The results are likely to be very disappointing for Dell shareholders. If this "clash of the titans" between Dell and Icahn ends in a stalemate, the company will find itself without a clear strategic direction and its valuation could revert to a much lower multiple, in keeping with Dell's uncertain prospects.
1. Dell-Silver Lake buyout on the rocks
Investors can debate whether the $13.65 buyout offer from Michael Dell and hedge fund Silver Lake Partners recognizes the "full" value of Dell. However, one thing cannot be disputed: Until Michael Dell and Silver Lake came along with a proposal to take the company private, Dell stock was worth much less, bottoming below $9 in late 2012.
The rapid rise in Dell's stock price in early 2013 was a direct result of the buyout offer. Indeed, as Dell's "Special Committee" pointed out in a shareholder presentation released Friday, the PC industry outlook has been revised lower numerous times in the past year. Company fundamentals have also suffered, lagging those of competitors like Hewlett-Packard (NYSE: HPQ ) .

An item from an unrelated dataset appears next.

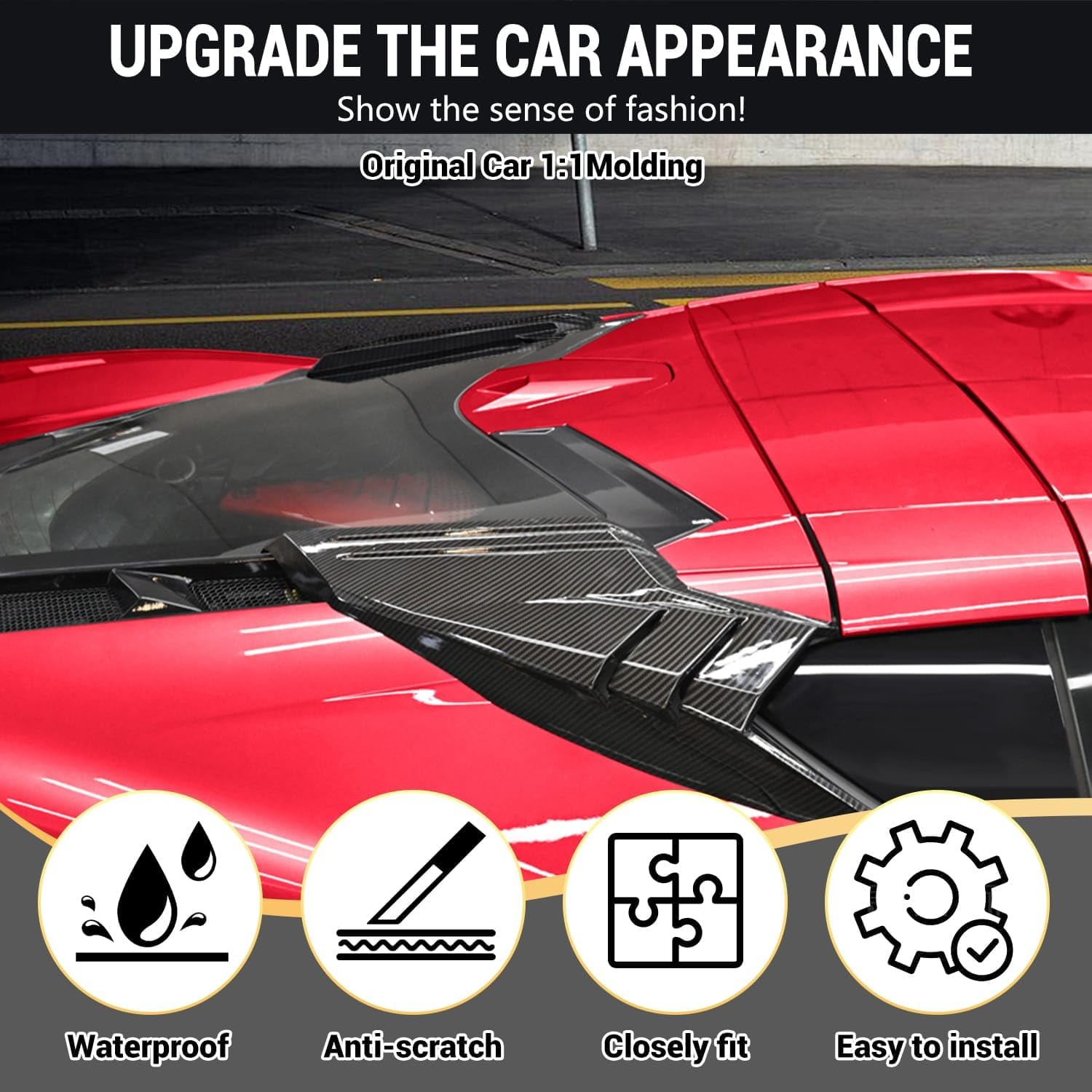 2Pcs Rear Quarter Intake Ports,Carbon Fiber Pattern Rear Hatch D-Pillar Window Louver Trim Panels Air‑Vent Garnish Covers for Corvette C8 Stingray Z51 2020+,for C8 Z06 2023+/E-Ray 2024+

This hasn't stopped Icahn from making the rounds on TV to tell anybody who will listen that Dell is worth far more than $13.65. Yet as the Wall Street Journal recently noted, Icahn has not offered to buy the company at any price; he wants Dell to fund a $14 tender offer with the company's cash on hand and new debt.

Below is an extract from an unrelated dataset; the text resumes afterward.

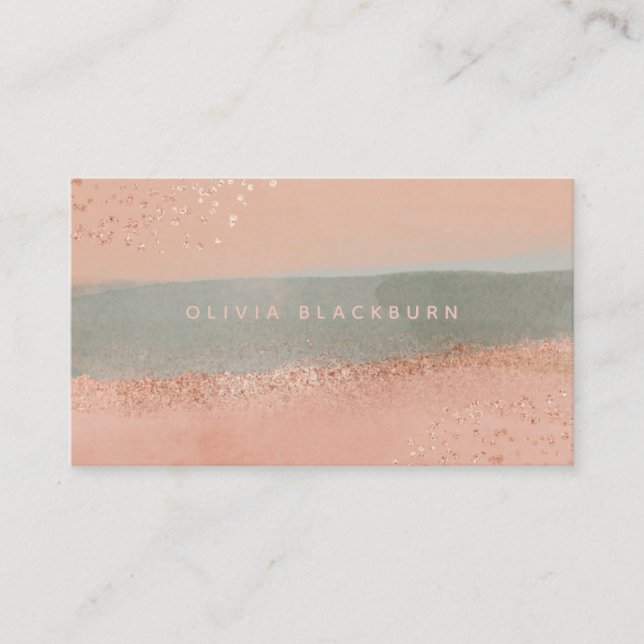 Neutraler Boho| Abstrakte Wasserfarbe und Rose Gol Visitenkarte (Vorderseite)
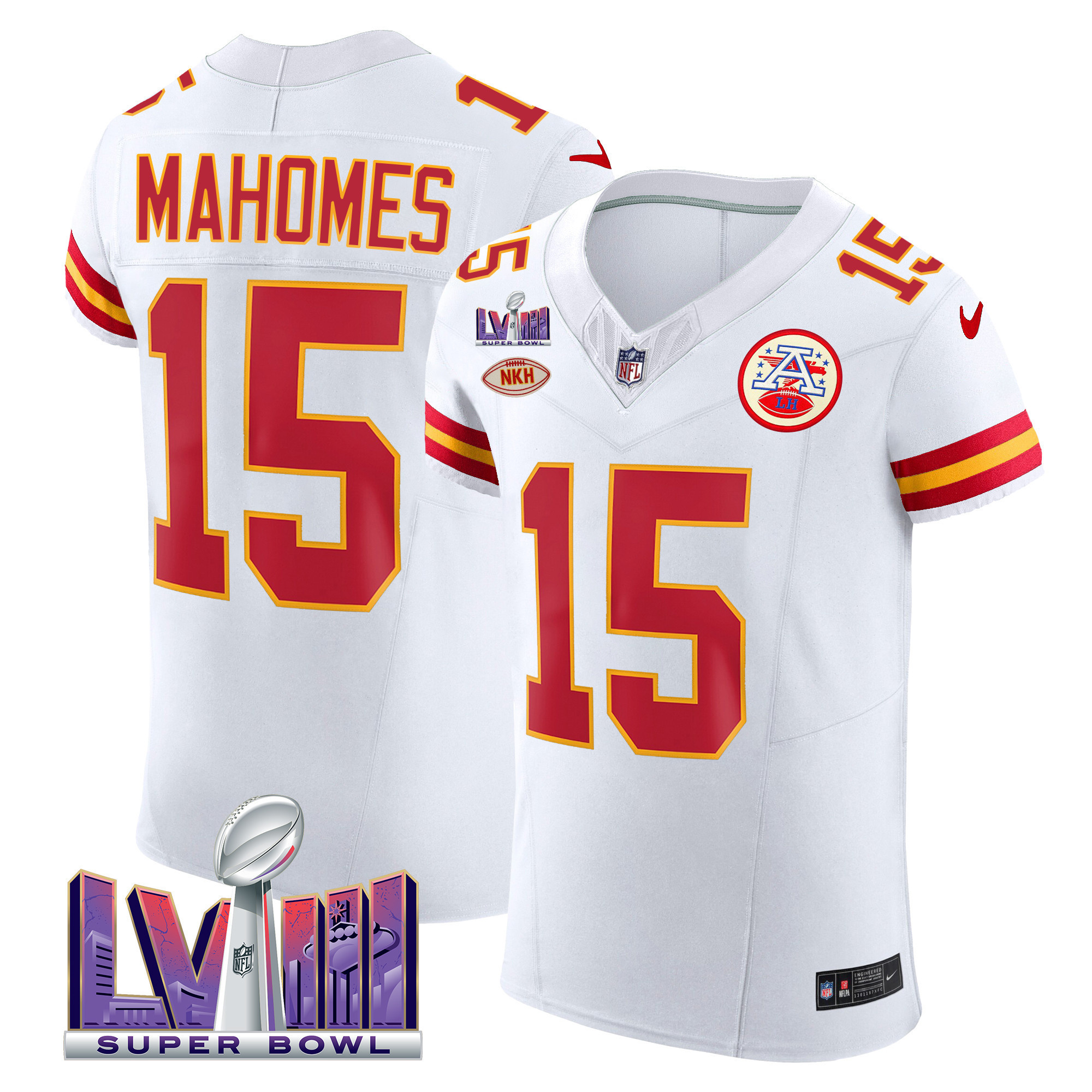 Patrick Mahomes Men's Kansas City Chiefs Super Bowl LVIII Gold Patch Vapor Elite White Jersey - All Stitched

In late 2012, when Dell shares were mired below $10, most shareholders would have taken $13.65 in a heartbeat. Icahn's muckraking has clouded the waters; many shareholders now seem unwilling to sell at that price. Indeed, the Special Committee of Dell's board recently advised Michael Dell and Silver Lake to raise their bid in order to improve their chances of winning the upcoming shareholder vote. However, according to a Bloomberg report on Friday, Dell and Silver Lake will not budge.
2. Icahn's tender offer: a long shot
Shareholders voting against the Dell-Silver Lake buyout offer are probably doing so because they have been convinced that Icahn's tender offer plan would offer more value. However, investors need to understand that even if the Dell-Silver Lake buyout is rejected, Icahn's plan has a very low probability of being implemented.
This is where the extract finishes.